# Is XMP really needed?



## CuteSniper22 (Dec 31, 2005)

Hi guys,

Sorry, i'm not asking any help/support here. I'm just a beginner & just wanna to ask whether ram overclocking will really boost up the performance? What I knew that CPU has bulit-in memory controller which decided & limited I/O between CPU & RAM.
May I know what's the point of overclocking the ram since its high frequencies still downclocked in order to works with CPU? I just don't get it..

Sorry for asking noob question...


----------



## Stancestans (Apr 26, 2009)

There's a wealth of information here https://www.tomshardware.com/reviews/ram-overclocking-guide,4693.html about this, and I believe the opening statements of that guide do answer your question. Read and understand all of it and you'll be to able to tell whether it's beneficial to your use case or not.


----------



## SpareChange (Mar 7, 2019)

XMP is worth it to get your advertised speeds, and for a select few games that benefit from the performance boost.

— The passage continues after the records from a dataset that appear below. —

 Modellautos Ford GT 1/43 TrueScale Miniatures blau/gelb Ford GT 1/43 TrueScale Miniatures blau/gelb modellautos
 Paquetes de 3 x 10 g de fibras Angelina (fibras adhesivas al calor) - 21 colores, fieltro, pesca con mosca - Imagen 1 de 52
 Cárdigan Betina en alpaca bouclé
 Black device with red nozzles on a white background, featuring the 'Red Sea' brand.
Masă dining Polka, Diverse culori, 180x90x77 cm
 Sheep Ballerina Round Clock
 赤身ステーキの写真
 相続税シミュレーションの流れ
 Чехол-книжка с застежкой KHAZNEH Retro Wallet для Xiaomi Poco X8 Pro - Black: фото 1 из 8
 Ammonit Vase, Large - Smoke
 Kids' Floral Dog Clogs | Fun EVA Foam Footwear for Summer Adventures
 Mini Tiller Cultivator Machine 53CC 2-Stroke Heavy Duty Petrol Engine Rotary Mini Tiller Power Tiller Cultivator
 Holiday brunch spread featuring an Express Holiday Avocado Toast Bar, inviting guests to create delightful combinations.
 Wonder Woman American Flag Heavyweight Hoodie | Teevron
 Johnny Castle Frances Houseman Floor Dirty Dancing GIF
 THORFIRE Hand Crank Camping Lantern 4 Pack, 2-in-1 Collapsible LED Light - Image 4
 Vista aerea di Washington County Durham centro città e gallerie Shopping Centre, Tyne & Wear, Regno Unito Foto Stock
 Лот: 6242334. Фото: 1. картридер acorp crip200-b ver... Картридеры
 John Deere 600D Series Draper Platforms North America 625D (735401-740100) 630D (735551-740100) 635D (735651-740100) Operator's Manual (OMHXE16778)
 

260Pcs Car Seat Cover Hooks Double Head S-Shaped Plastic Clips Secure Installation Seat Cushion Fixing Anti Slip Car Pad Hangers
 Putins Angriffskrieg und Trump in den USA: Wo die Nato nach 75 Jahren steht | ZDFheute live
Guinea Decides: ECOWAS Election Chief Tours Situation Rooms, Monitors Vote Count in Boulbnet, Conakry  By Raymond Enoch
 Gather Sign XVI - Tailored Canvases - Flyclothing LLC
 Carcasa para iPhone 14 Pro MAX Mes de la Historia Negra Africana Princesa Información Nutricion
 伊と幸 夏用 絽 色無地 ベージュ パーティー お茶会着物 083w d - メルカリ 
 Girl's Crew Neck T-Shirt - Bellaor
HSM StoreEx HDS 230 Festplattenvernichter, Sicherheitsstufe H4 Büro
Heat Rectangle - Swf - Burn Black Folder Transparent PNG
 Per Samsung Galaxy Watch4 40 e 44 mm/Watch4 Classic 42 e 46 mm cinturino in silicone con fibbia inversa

In some cases it can be 10-15%. It can also be very beneficial if you use an AMD Ryzen Platform where both the overall computing and gaming performance increase can be rather substantial, granted you use a good enough motherboard to cover the DDR4 ratio spread. E.G DDR 3200 that can actually run stable _both_ in nominal running mode _and_ gaming at all times (I don't accept anything less some do but I don't). There are a some B350-450's that will do it and about 90% of X370's run most quality vendor checked ram at advertised speeds. It takes a quality built board, with good stable & overall power distribution to do it on a reliable everyday basis.


----------